Aufhauser: Diese Forschung lief im Rahmen des EU-Projekts "Genderalp!", an dem insgesamt sechs Länder beteiligt waren. Ich betreute gemeinsam mit Birgit Woitech, einer Volkswirtin vom Institut für Technologie- und Regionalpolitik des Joanneum Research, und Brigitta Hemmelmeier-Händel, einer selbständigen Landschaftsplanerin, ein Teilprojekt in Niederösterreich. In diesem haben wir das Industriezentrum Niederösterreich Süd mit rund 280 Unternehmen und 11.000 Beschäftigten sowie den Wirtschaftspark Wolkersdorf mit ca. 27 Unternehmen und 700 Beschäftigten auf Chancengleichheit hin untersucht. Aus dieser Forschungsarbeit ist auch ein Handbuch mit Handlungsempfehlungen für eine verbesserte Ausrichtung von Wirtschaftsparks auf Gleichstellung entstanden.
uni:view: Was ist der Grundansatz einer solchen Analyse räumlicher Infrastruktur im Hinblick auf Gendergerechtigkeit?
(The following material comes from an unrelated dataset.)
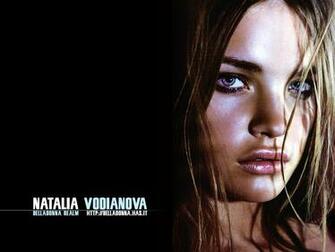 The Fashion Time Natalia Vodianova Wallpaper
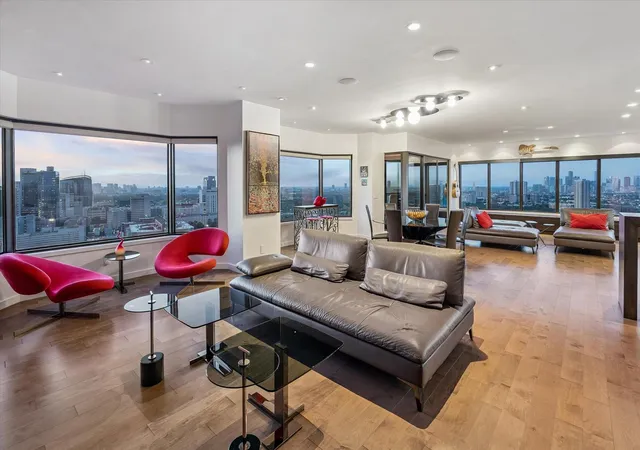 Photo 2 of Sale Pending at 2001 Holcombe Blvd #3201, Houston, TX 77030 | MLS# 84346460 | Listing updated on 2026-09-10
Aufhauser: Die feministische Planung arbeitet grundsätzlich nach der Devise "klein, aber fein". Die findet sich in solchen Industrieparks natürlich kaum. Daher lautete unsere zentrale Frage vorweg: Braucht es so ein riesiges Industriezentrum überhaupt, und wie stehen wir zu solchen Flächen? Wir sind dabei zu dem Ergebnis gekommen, dass Größe auch aus feministischer Perspektive etwas Positives sein kann. Erst sie führt bei Gewerbeflächen zu einer Vielfalt an Arbeitsplätzen und damit auch zu qualifizierten Beschäftigungsmöglichkeiten für Frauen.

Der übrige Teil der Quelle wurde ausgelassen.